§ Record excerpts:
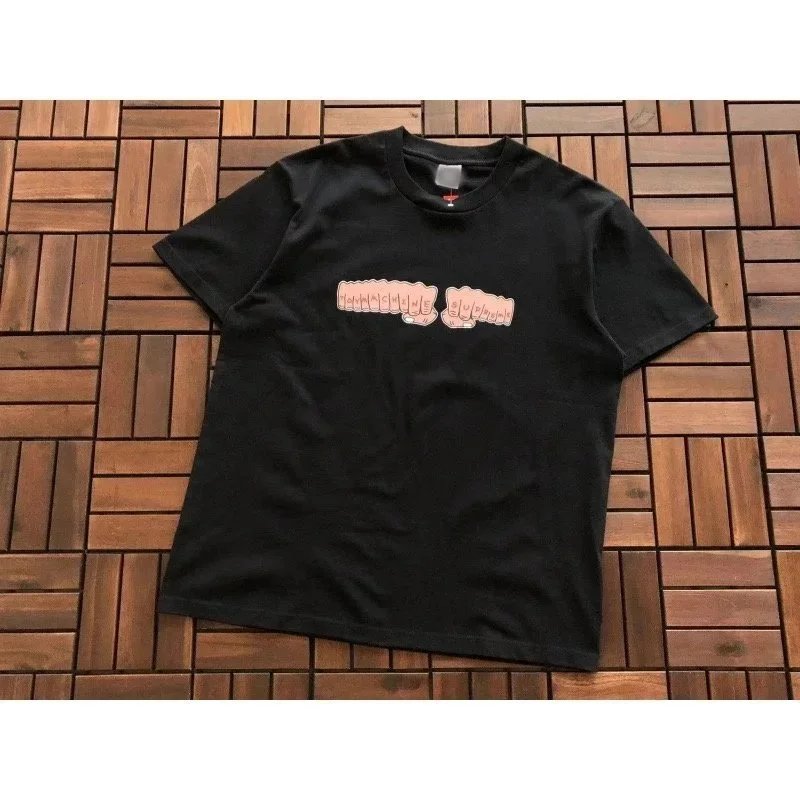Unbranded T-Shirts Short-Sleeve Graphic Print — 37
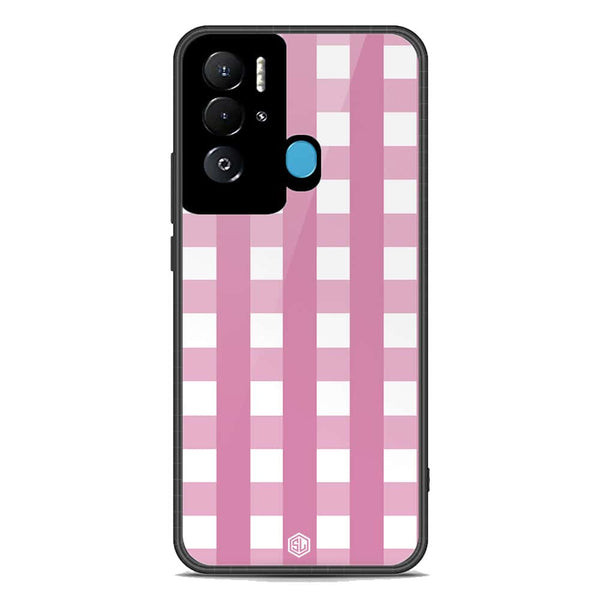 Trending Designs Series Soft Phone Case - Premium Glass Case - Design 6 - Tecno Pova Neo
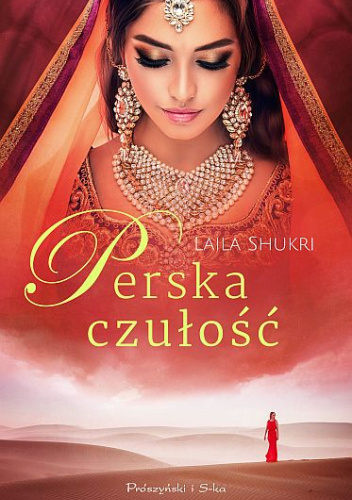 Perska czułość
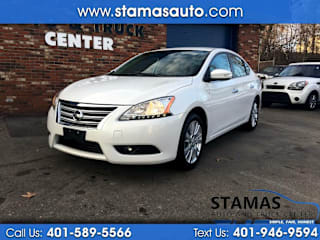 2014 Nissan Sentra 3N1AB7APXEL627353 2014 Nissan Sentra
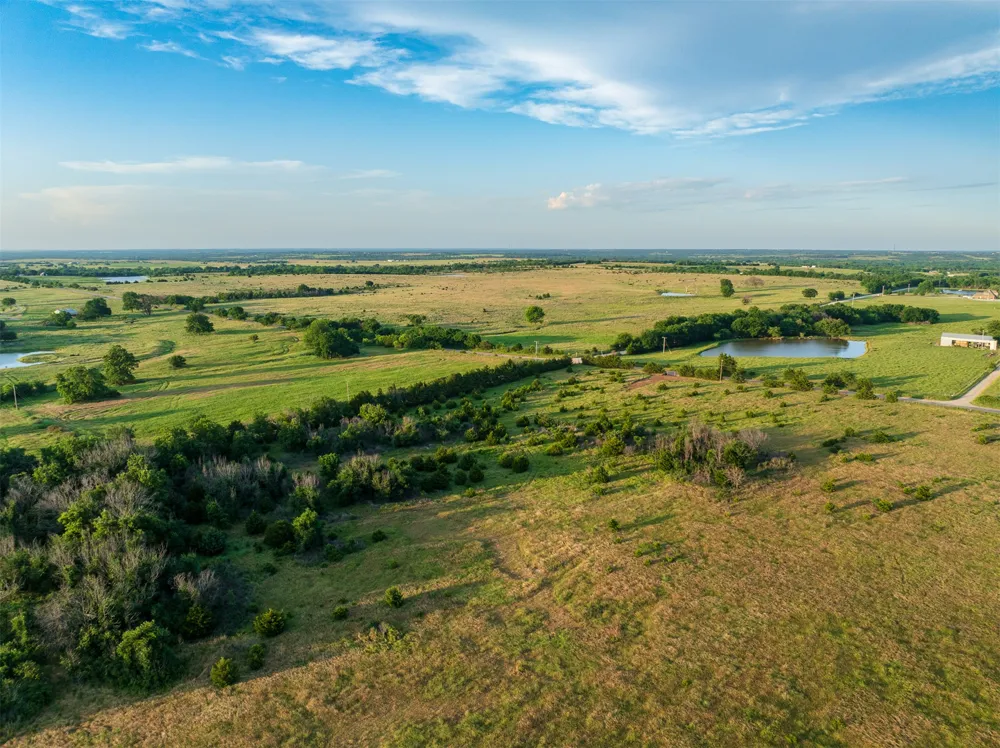 5 Brush Creek Road Glencoe, OK 74032
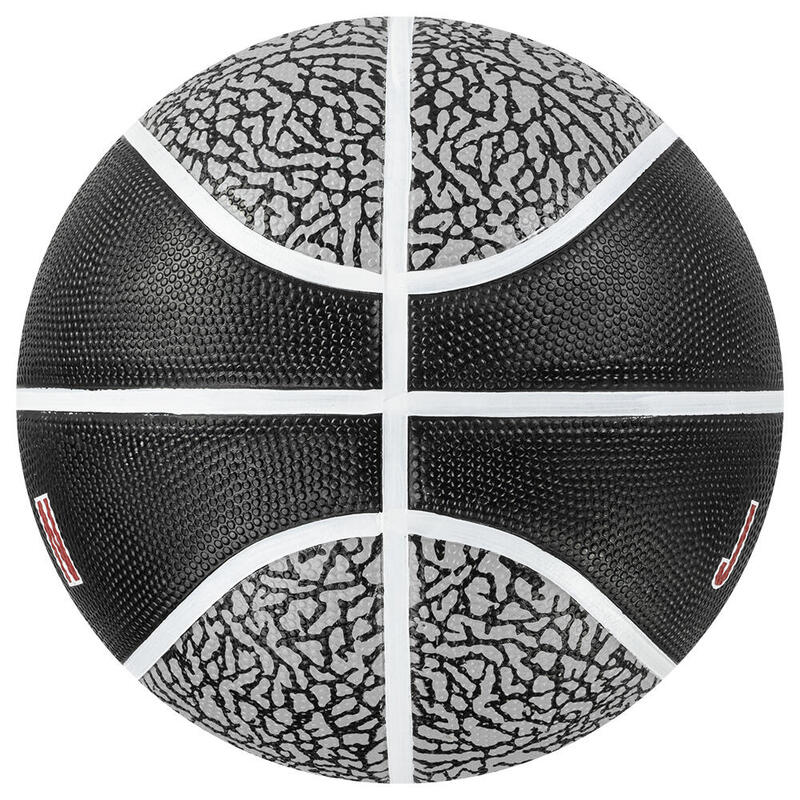 Jordan J1008255-055 Playground 2.0 7 No Basketbol Topu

§ Directions:
Print the entries above exactly, leaving pictures out.

§ Solution:
Unbranded T-Shirts Short-Sleeve Graphic Print — 37
 Trending Designs Series Soft Phone Case - Premium Glass Case - Design 6 - Tecno Pova Neo
 Perska czułość
 2014 Nissan Sentra 3N1AB7APXEL627353 2014 Nissan Sentra
 5 Brush Creek Road Glencoe, OK 74032
 Jordan J1008255-055 Playground 2.0 7 No Basketbol Topu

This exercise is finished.